Namibia: Call To Help Women Adapt To Climate Change

By Absalom Shigwedha

NAMIBIAN women are most affected by impacts of climate change, and it is important that Namibia comes up with strategies that take into account the gender perspective, says the environment commissioner.


Teofilus Nghitila made these remarks in a speech read on his behalf by the deputy director for multilateral environmental agreements in the Ministry of Environment and Tourism, Peter Muteyauli, at a one-day Gender and Climate Change workshop in Windhoek recently.

“Since women are mainly charged with the responsibility of securing water, food and fuel for cooking and heating, they face the greatest challenge.

“Coupled with unequal access to resources and to decision-making processes, limited mobility further places women in rural areas in a position where they are disproportionately affected by climate change,” said Nghitila.

He said it is against this background that Namibia should identify gender-sensitive strategies to respond to the crisis caused by climate change.

 However, he said, Namibia need not lose sight of how resourceful women are as they are agents of change in relation to adaptation and mitigation.

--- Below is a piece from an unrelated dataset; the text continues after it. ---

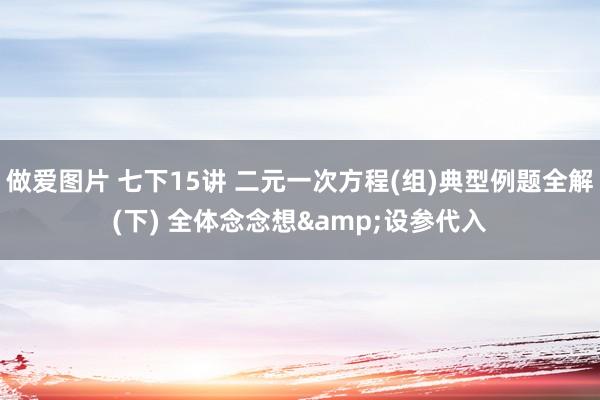做爱图片 七下15讲 二元一次方程(组)典型例题全解(下) 全体念念想&设参代入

“They collect wood, water and food for households,” he added.

The Environment Investment Fund (EIF) director of operations, Karl Aribeb, said women and men are affected by climate change differently and women are the hardest hit.

“They represent the highest number of poor people in the world. Seventy per cent of poor people in the world are women,” said Aribeb.

He said the Global Climate Fund of which EIF is an agent, has a policy which calls for gender equality, equity, inclusivity and accountability in the efforts towards addressing the impacts of climate change.